I thought the Sealcoat would pop the grain and deepen the contrast but it's failed completely to do that.


----------



## Unknowncraftsman (Jun 23, 2013)

Real shellac doesn't come in a can. I've been saying it for years the best shellac finish is multiple barely perceptible coats. 15 or more isn't uncommon fresh shellac dries very fast esp when it's super thin. It's sometimes called polish but it's really padded on. It will pop your joinery,grain and be very hard and durable. Much more then the can stuff .

















These are the two I keep on hand.
I forgot to add I think your shellac was drying in the air if that drawer was sprayed. You could always wipe it down with a little alcohol denatured. Too give it some life. 
Good Luck


----------



## RichT (Oct 14, 2016)

.


----------



## Lovegasoline (Apr 18, 2018)

I'm not using Shellac as a finish, fine or otherwise (except for a final finish on drawers for another item which straddles the line between fine and utilitarian furniture … the fronts on the latter will receive a different top coat.
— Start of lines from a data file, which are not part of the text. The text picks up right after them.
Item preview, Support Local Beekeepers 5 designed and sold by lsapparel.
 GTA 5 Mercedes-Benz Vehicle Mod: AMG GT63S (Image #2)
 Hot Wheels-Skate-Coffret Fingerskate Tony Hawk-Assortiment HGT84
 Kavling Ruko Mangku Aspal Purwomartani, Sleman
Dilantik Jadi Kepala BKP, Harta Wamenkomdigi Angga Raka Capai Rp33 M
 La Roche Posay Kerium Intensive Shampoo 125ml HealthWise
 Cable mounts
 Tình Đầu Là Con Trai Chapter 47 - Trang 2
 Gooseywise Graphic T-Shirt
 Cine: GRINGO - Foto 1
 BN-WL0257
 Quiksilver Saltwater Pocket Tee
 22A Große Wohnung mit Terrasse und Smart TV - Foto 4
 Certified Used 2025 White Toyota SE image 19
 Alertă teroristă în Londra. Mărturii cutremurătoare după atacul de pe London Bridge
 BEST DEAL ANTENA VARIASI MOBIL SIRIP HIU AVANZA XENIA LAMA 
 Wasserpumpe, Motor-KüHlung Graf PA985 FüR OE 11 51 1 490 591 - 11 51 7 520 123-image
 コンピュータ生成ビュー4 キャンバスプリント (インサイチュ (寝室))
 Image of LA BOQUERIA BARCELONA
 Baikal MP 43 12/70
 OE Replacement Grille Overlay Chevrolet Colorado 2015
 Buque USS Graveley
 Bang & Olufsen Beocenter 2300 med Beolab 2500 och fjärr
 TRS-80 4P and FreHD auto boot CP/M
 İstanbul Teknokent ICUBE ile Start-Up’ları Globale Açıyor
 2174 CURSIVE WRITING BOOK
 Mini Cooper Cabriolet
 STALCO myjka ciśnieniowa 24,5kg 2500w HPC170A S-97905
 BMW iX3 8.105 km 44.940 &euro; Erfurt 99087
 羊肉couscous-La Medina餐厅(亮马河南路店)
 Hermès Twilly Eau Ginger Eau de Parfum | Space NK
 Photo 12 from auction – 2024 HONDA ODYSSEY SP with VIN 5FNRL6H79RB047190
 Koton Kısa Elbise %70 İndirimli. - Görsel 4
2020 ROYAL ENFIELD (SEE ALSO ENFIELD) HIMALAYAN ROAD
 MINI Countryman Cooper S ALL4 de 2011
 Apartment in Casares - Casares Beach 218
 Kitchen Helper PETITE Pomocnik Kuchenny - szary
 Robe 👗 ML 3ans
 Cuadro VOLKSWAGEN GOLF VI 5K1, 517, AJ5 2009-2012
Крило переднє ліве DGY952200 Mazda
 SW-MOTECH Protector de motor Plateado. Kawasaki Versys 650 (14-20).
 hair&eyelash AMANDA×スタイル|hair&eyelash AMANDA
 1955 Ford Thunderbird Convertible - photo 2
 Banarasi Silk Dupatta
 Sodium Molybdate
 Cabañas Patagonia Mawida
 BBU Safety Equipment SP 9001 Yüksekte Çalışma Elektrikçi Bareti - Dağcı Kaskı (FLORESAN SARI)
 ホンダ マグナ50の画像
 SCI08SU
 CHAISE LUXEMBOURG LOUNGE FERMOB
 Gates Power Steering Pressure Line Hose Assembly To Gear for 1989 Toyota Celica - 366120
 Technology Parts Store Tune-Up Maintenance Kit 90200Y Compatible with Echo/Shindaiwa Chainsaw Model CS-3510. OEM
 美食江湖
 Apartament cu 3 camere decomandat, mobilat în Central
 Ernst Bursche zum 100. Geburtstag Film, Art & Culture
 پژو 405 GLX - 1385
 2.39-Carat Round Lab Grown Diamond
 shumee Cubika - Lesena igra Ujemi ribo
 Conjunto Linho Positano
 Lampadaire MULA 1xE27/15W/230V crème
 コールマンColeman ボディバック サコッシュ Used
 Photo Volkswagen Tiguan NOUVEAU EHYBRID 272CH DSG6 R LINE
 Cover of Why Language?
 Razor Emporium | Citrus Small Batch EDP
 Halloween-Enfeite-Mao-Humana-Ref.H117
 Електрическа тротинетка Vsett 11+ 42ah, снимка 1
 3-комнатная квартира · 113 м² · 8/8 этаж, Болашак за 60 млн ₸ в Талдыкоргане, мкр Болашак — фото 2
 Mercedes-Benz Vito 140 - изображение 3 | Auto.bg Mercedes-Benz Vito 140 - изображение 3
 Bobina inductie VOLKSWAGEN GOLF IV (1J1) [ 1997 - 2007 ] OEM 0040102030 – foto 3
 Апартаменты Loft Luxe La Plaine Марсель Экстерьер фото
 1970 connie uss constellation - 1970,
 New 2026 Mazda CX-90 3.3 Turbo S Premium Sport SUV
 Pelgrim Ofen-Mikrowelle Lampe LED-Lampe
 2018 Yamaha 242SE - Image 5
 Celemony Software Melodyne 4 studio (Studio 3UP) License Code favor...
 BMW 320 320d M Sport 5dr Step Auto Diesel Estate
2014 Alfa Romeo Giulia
This was all explained clearly in my post).

If you read through my OP, General Finishes Waterbase Top Coat is the *finish*.
The shellac Sealcoat is being used as … a sealcoat. To handle the grain raise and to add some grain pop (the latter which it has failed to do), maybe a touch of color (although that looks to be minimal) for use under a water white H20 finish.

This is the first time using shellac in a can for like 25 years … before the marketing of shellac was reconfigured and they ceased calling canned shellac 'orange' and 'white' and switched to 'amber' and 'clear'. I've mixed plenty of shellac from flake from a variety of types. I can't see why in the world 'shellac in a can' would be an issue for a sealcoat. Explain why it being in a can would be a problem. Date code was checked prior to purchase.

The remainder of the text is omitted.